In 2018, a court found that Elon Musk broke the US labor law after he tweeted that if Tesla factory workers decided to unionize, they would not get stock options. This decision was made by the Fifth Circuit Court of Appeals on Friday and was also confirmed by the National Labor Relations Board (NLRB). So basically, Musk had made some very serious threats about taking away employees’ bonuses as punishment for their decision about joining a union.

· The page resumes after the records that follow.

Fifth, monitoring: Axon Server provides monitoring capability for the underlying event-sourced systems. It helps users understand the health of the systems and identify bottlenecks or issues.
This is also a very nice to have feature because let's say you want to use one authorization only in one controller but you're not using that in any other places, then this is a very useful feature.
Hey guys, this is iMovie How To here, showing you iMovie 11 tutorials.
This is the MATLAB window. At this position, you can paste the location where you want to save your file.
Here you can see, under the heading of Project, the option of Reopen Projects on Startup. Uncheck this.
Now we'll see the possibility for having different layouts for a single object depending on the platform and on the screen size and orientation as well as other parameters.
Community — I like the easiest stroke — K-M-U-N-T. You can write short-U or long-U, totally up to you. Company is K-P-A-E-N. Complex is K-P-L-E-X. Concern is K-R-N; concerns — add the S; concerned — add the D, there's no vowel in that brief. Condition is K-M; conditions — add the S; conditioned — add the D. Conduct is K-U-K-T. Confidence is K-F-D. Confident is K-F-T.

In May 2018, someone asked Elon Musk (via Twitter) if he believes in unions. He said that it’s okay for the people working at his company’s car plant to unionize; they could do so tomorrow if they wanted. However, he pointed out that this comes with paying extra money for dues, giving up stock options and wouldn’t bring any additional benefits since the plant already has a better safety record than when it was a part of the UAW and everyone is already provided with health care.
Tesla CEO Elon Musk tweeted something in 2018, which caught the attention of labor activists. Later in 2021, the United Auto Workers union filed a complaint with the National Labor Relations Board (NLRB). They claimed that Musk had threatened employees with his tweet. Tesla argued that Musk had meant to point out that workers at other car companies don’t get stock options. However, NLRB Chair Wilma Liebman thought differently. She said that employees would interpret the tweet as a warning – if they choose to unionize, they may not be able to have access to stock options anymore.

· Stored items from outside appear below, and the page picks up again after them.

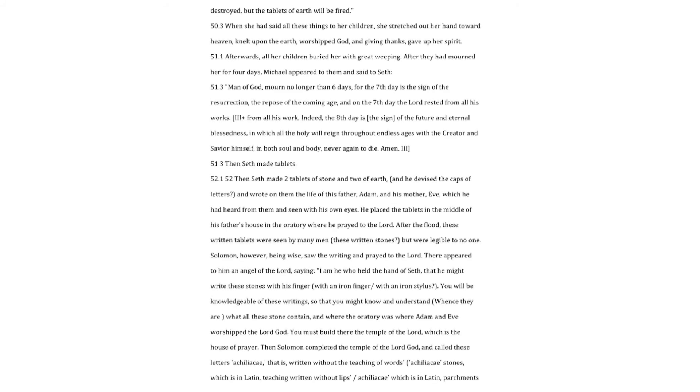If he judges our race by water, the tablets of earth will dissolve, but the tablets of stone will endure. If, however, he judges our race by fire, the tablets of stone will be destroyed, but the tablets of earth will be fired. When she had said all these things to her children, she stretched out her hand toward heaven, knelt upon the earth, worshipped God, and giving thanks, gave up her spirit.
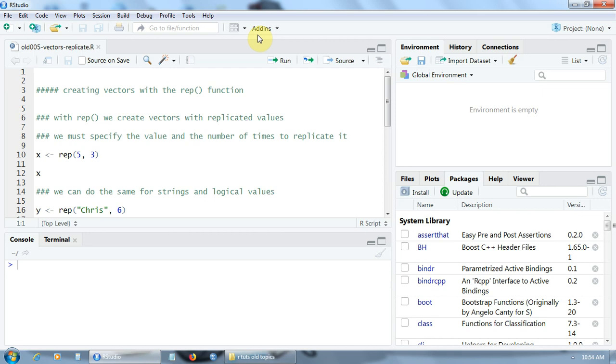Hello and welcome! Let's see how to create vectors using a special function called REP. REP stands for replicate or repeat.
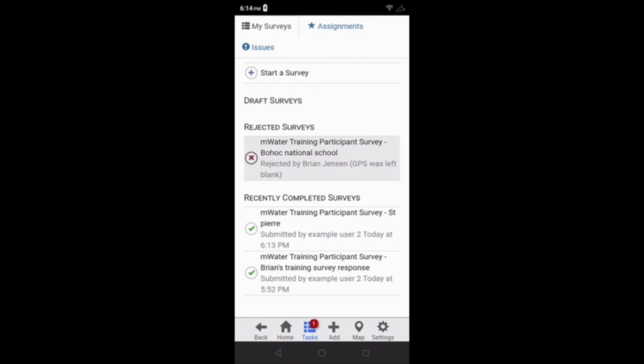Each rejected survey response shows the name of the survey used, mWater Training Participant Survey, the name of the draft, Bohawk National School, the person who rejected it, Brian Jensen, and the reason it was rejected. GPS was left blank.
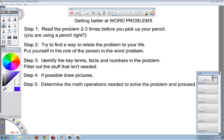I hope this helps. You can get better at word problems. You're not alone—everyone, including me, hates word problems. I'll talk to you later.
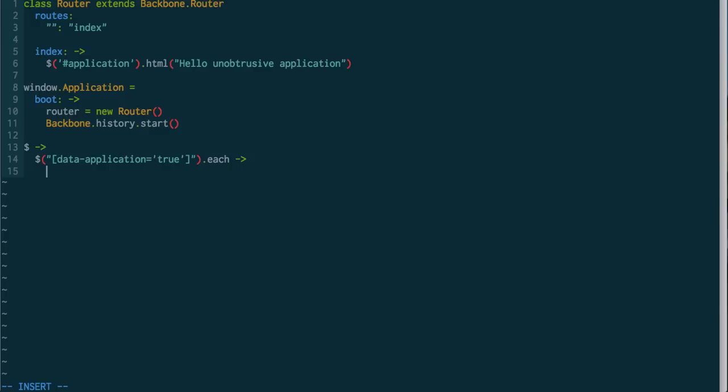And for each of them, we're going to boot our app within this element. So, to make this a little bit more flexible, we're going to have to get rid of this application ID here, because that's not even going to work anymore.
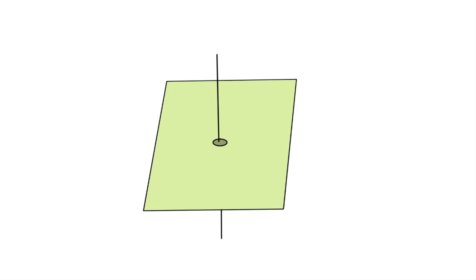Hello everyone, today in this video I will share some tips which will help you to remember the pterygopalatine fossa boundaries. So let's start. For that I have drawn a square - these are anterior and posterior sides of the square.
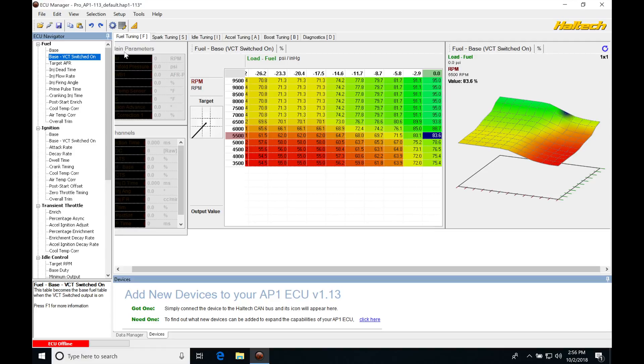What I'd like to do here is set my break points for my fuel table the same as the ignition table.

The Fifth Circuit Court agreed with the NLRB’s decision. They said that offering stock options is a kind of payment for Tesla’s employees, and Tesla’s tweet did not show that they would need to stop giving out stock options or that it was because of the UAW (Union). Therefore, this tweet can be seen as a warning that Tesla might take away their stock options if their employees join the union.
A court recently told Elon Musk (Tesla’s head) that he must delete a tweet he made. Even after the ruling, he still has not taken down the post yet. Meanwhile, the Fifth Circuit Court said that Tesla must rehire Richard Ortiz, an employee that was dismissed from the company for organizing protests at its factory located in California.